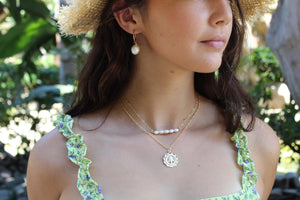 Pearl bar necklace
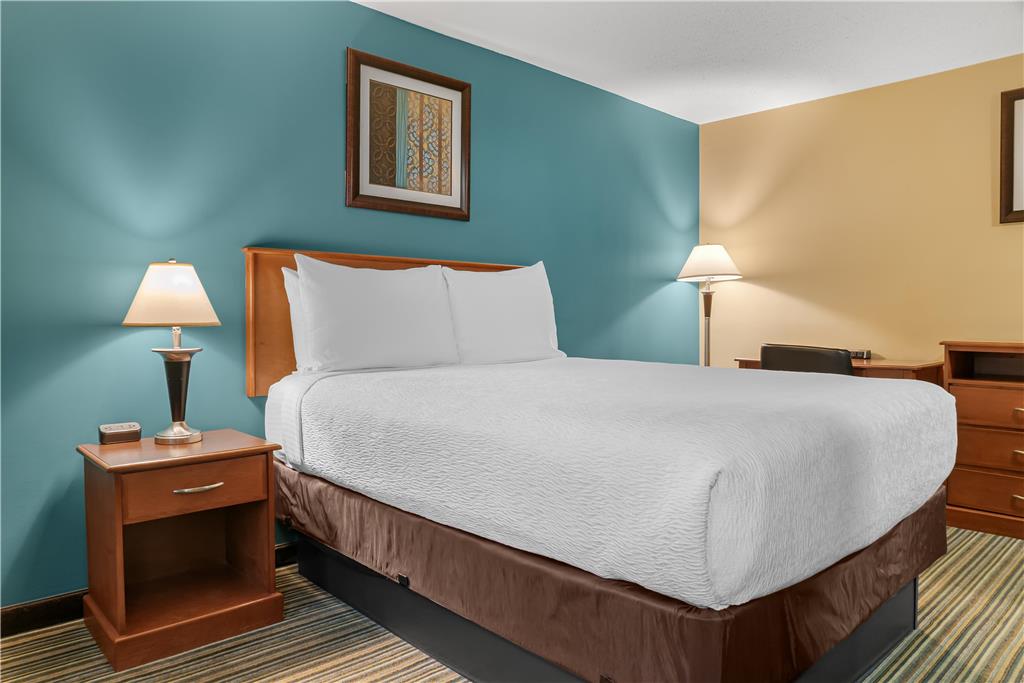 Best Western Plus Traverse City - photo 17
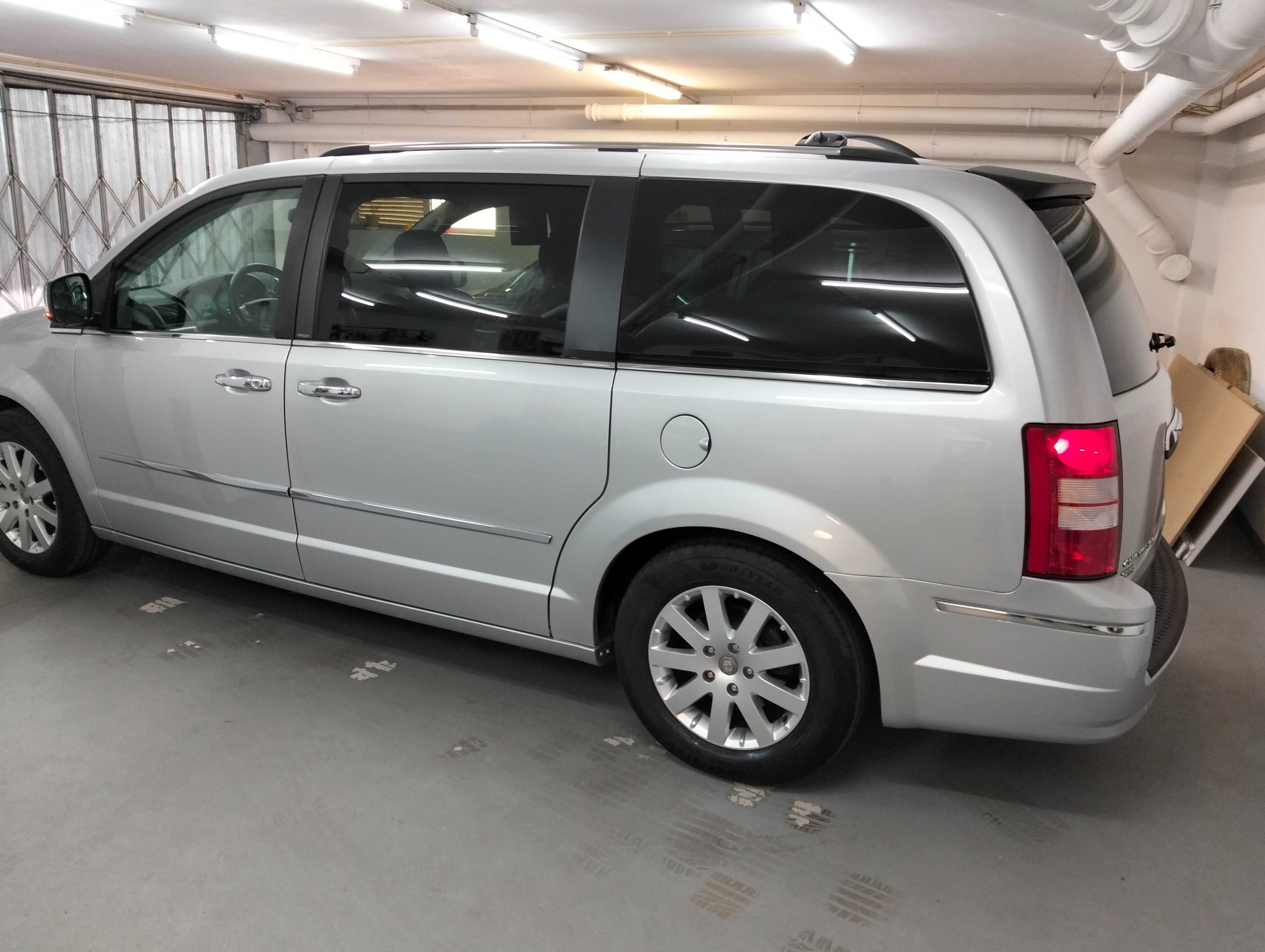 chrysler grand voyager  7 lugares CRD ATX LIMIT. STOW GO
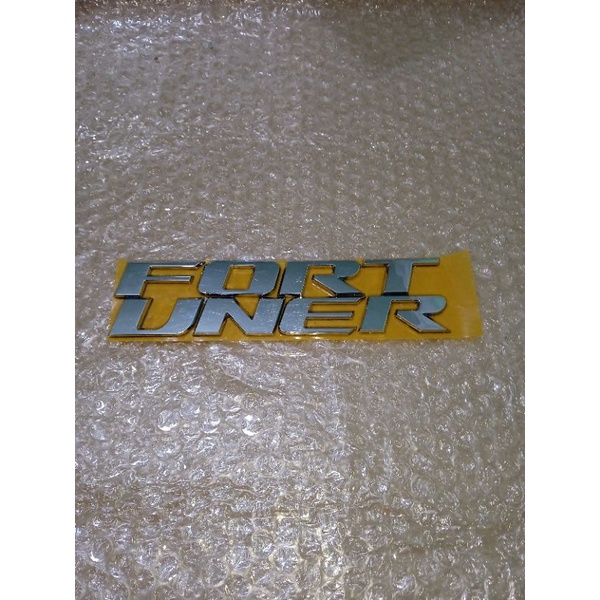 emblem kap mesin fortuner vrz tulisan emblem kap mesin fortuner vrz original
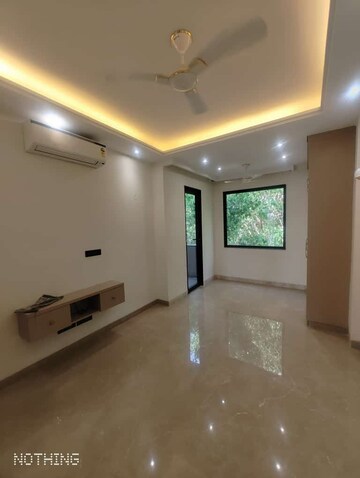 Room in 4 BHK Builder Floor at Sector 24 – for Rent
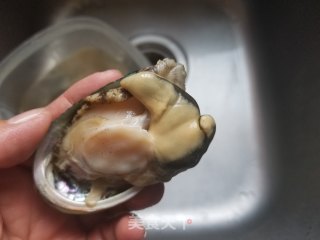 蒜蓉蒸鲍鱼的做法步骤：2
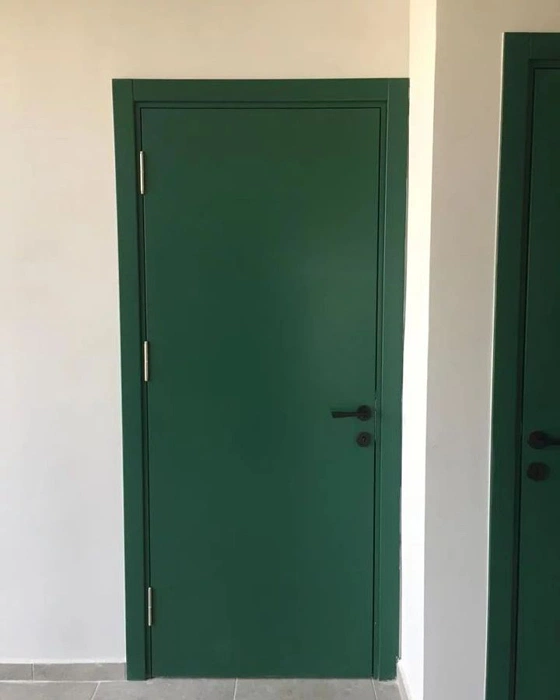 Зеленая межкомнатная дверь RAL 6028 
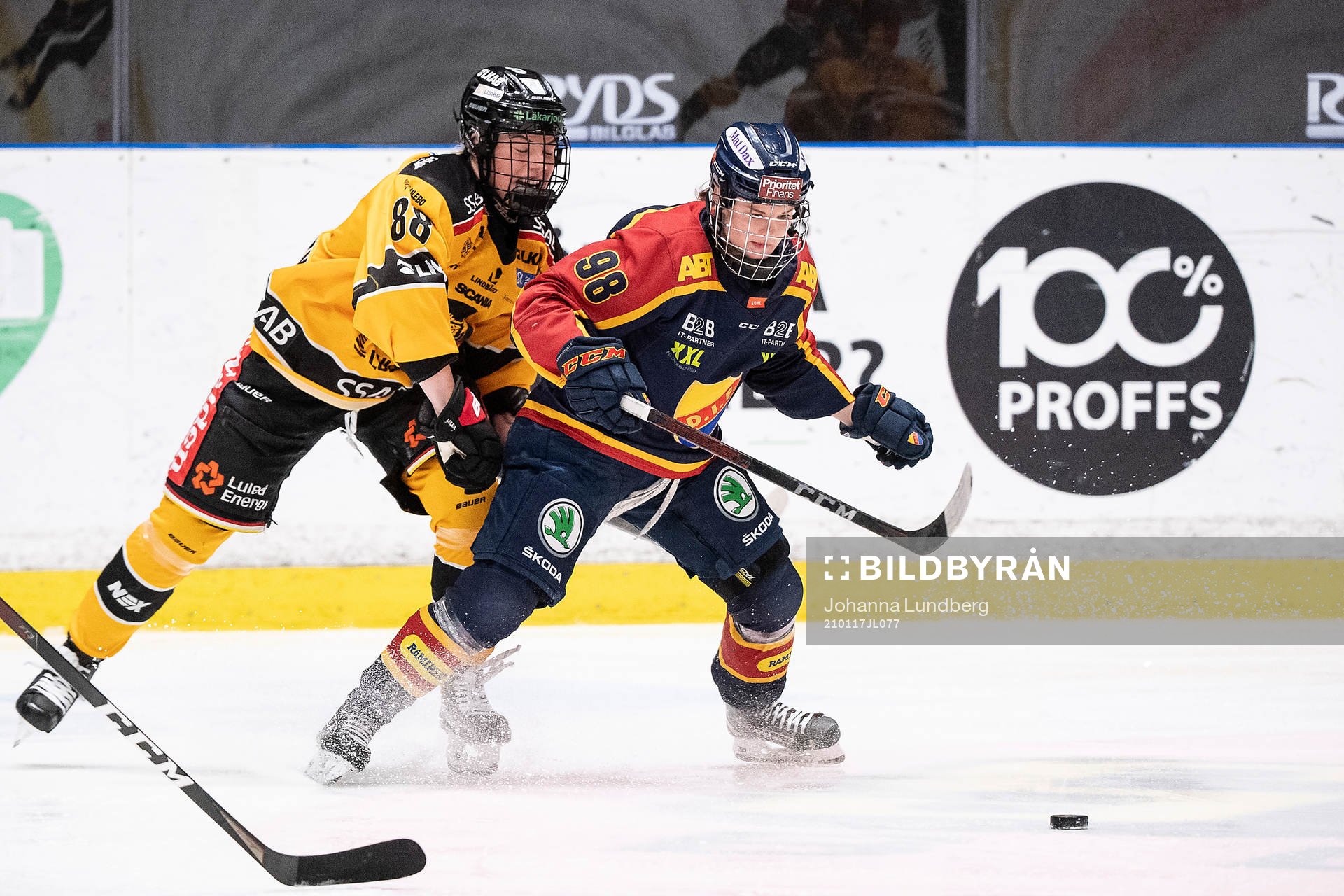 Luleås Ronja Savolainen och Djurgårdens Felicia Linder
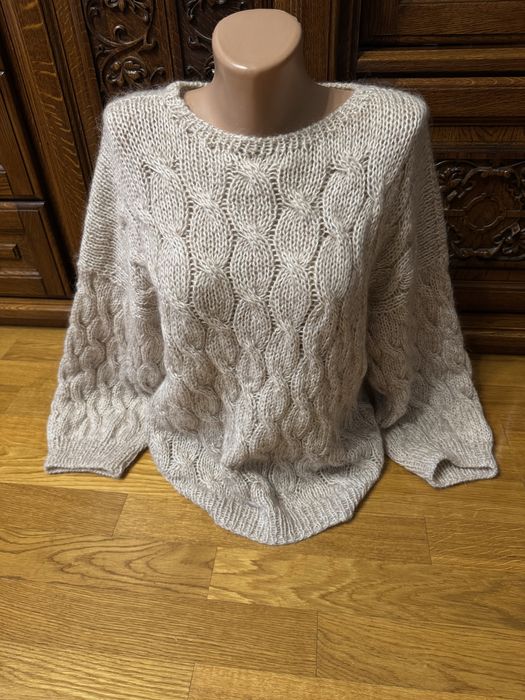 Светр розмір M-L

################

• _ACTION ITEM_: Leave the pictures out and return the rest of the listing exactly.

• _ANSWER SECTION_:
 Pearl bar necklace
 Best Western Plus Traverse City - photo 17
 chrysler grand voyager  7 lugares CRD ATX LIMIT. STOW GO
 emblem kap mesin fortuner vrz tulisan emblem kap mesin fortuner vrz original
 Room in 4 BHK Builder Floor at Sector 24 – for Rent
 蒜蓉蒸鲍鱼的做法步骤：2
 Зеленая межкомнатная дверь RAL 6028 
 Luleås Ronja Savolainen och Djurgårdens Felicia Linder
 Светр розмір M-L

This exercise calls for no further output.